The report, which describes virtual power plants as aggregations of distributed energy resources such as electric vehicles, distributed batteries and smart thermostats, says they can be deployed “within months, not years.” VPPs can shift some electricity consumption to non-peak hours, and a VPP’s batteries can help serve remaining peak demand. As a result, there is less need for costly new generating capacity.
The report cites a virtual power plant “liftoff” study, published by the U.S. Department of Energy, which found that scaling VPPs three to five times by 2030 to reach 80 to 100 GW of enrolled capacity could serve 10% to 20% of peak load and save power systems $10 billion per year. Shah presented those findings at the 2023 RE+ conference.
The capacity of resources enrolled in VPPs nationwide reached 37.5 GW last year, according to research firm Wood Mackenzie.

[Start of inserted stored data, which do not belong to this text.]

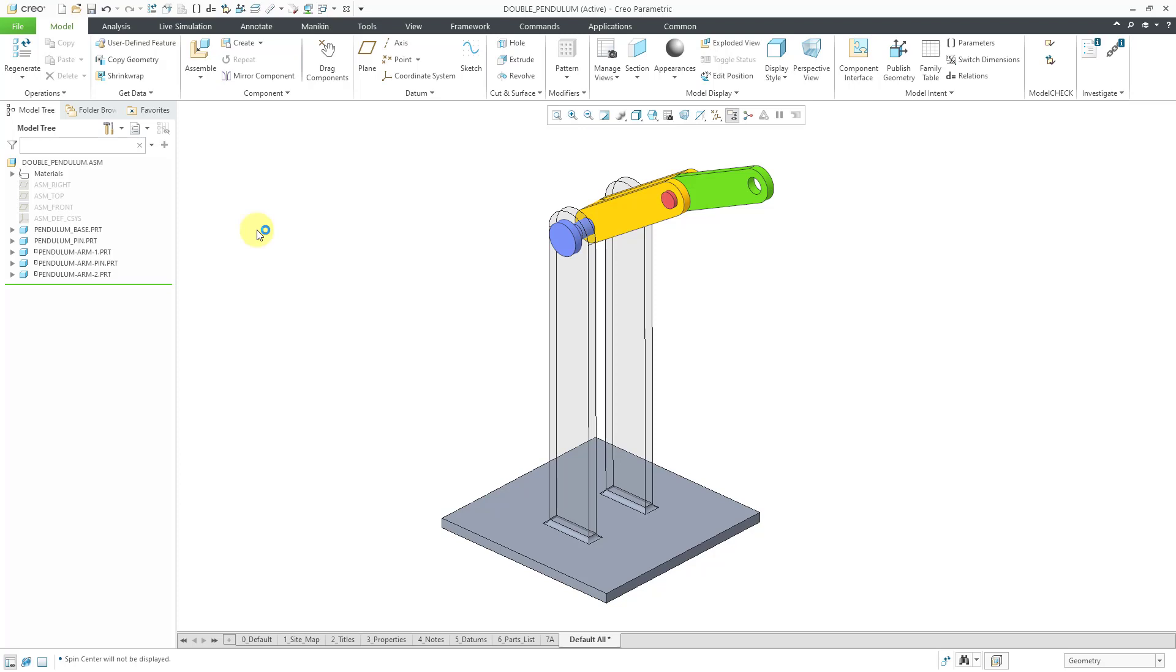A double pendulum is really complicated in physics. It is really the definition of chaos and just to show you why it's so complicated let's jump over to MathCAD for a moment to take a look at some of the equations.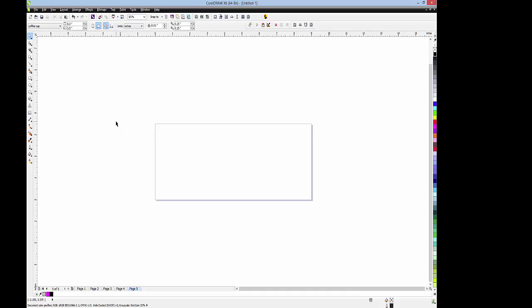So inside each file, keep your pages the same size. That's pretty much an introduction to page size and how to select it in CorelDRAW. It's simple as long as you know what you're looking for, and I hope this really helps.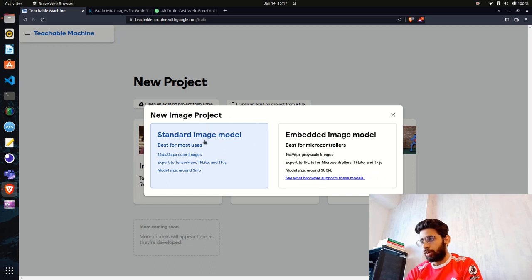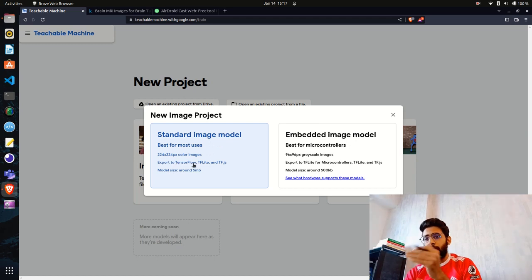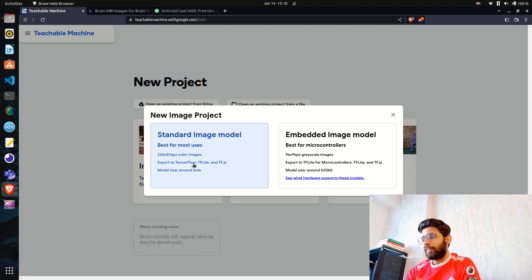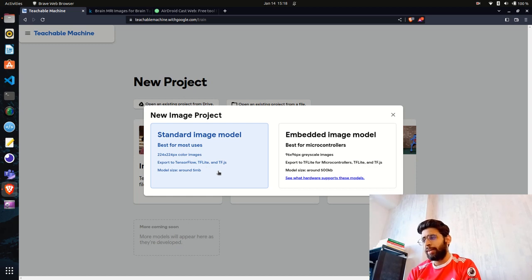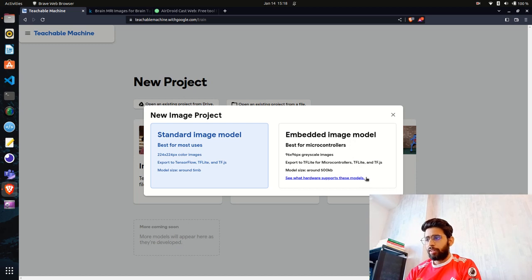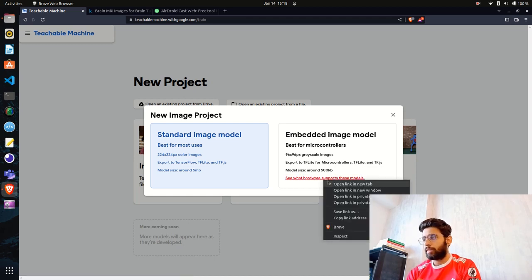The two options are Standard Image Model and Embedded Image Model. We're going to use the Standard Image Model. You can export the trained model to TensorFlow, TF Lite, or TF.js, and the model size is also reduced through quantization. The Embedded Image Model is more for microcontrollers like Arduino using TinyML.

The Deploy Action report recommends that states “looking to rapidly expand” their VPP portfolio should “default to auto-enrollment” of enabled devices, “reward utilities that grow their VPP footprint,” and set standards that allow for device interoperability.
Real-world examples
The report lists several state laws and utility programs as “real-world examples” of state action to advance VPPs.
California’s grid operator CAISO operates the nation’s largest VPP, the report says, with 515 MW of capacity, offering “a playbook for states scaling VPPs in their own regional grids.”
Colorado in 2024 required the state’s major utilities to file VPP proposals that would provide incentives for participants.
In Maryland, a state law required investor-owned utilities to develop programs to compensate owners and aggregators of distributed resources for distribution-system support services, thereby “opening the door” to VPP structures.
California is taking actions beyond VPPs to control peak demand. The state in 2023 set an overall goal for 7 GW of load flexibility by combining 3 GW of price-responsive demand from appliances with 4 GW of traditional demand response, in which some customers “drop load” during the 100 highest-demand hours of the year.
Through 2030
While measures to advance VPPs top the report’s list of recommended state actions through 2030, other actions to stabilize electric bills would aim to increase grid utilization, prioritize large load flexibility and “modernize” utility rate design and contract structures.
Beyond 2030, the report recommends actions to promote a wide range of energy resources, including scaling long-duration storage beyond 2035.
The report is titled “Grid growth, utilization and affordability: a playbook for states.”